→ Aim of the exercise
Could you print out every entry, character for character?

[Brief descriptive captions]

....

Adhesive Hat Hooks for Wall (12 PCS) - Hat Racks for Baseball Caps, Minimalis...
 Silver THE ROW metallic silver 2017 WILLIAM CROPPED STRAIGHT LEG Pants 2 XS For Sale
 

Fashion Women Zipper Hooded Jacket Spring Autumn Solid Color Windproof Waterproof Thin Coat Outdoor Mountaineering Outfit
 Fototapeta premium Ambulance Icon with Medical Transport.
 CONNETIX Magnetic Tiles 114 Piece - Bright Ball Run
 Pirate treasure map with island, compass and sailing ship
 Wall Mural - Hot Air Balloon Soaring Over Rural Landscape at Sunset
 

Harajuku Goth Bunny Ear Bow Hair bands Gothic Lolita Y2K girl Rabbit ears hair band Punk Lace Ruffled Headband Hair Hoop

....

→ Solution
Adhesive Hat Hooks for Wall (12 PCS) - Hat Racks for Baseball Caps, Minimalis...
 Silver THE ROW metallic silver 2017 WILLIAM CROPPED STRAIGHT LEG Pants 2 XS For Sale
 

Fashion Women Zipper Hooded Jacket Spring Autumn Solid Color Windproof Waterproof Thin Coat Outdoor Mountaineering Outfit
 Fototapeta premium Ambulance Icon with Medical Transport.
 CONNETIX Magnetic Tiles 114 Piece - Bright Ball Run
 Pirate treasure map with island, compass and sailing ship
 Wall Mural - Hot Air Balloon Soaring Over Rural Landscape at Sunset
 

Harajuku Goth Bunny Ear Bow Hair bands Gothic Lolita Y2K girl Rabbit ears hair band Punk Lace Ruffled Headband Hair Hoop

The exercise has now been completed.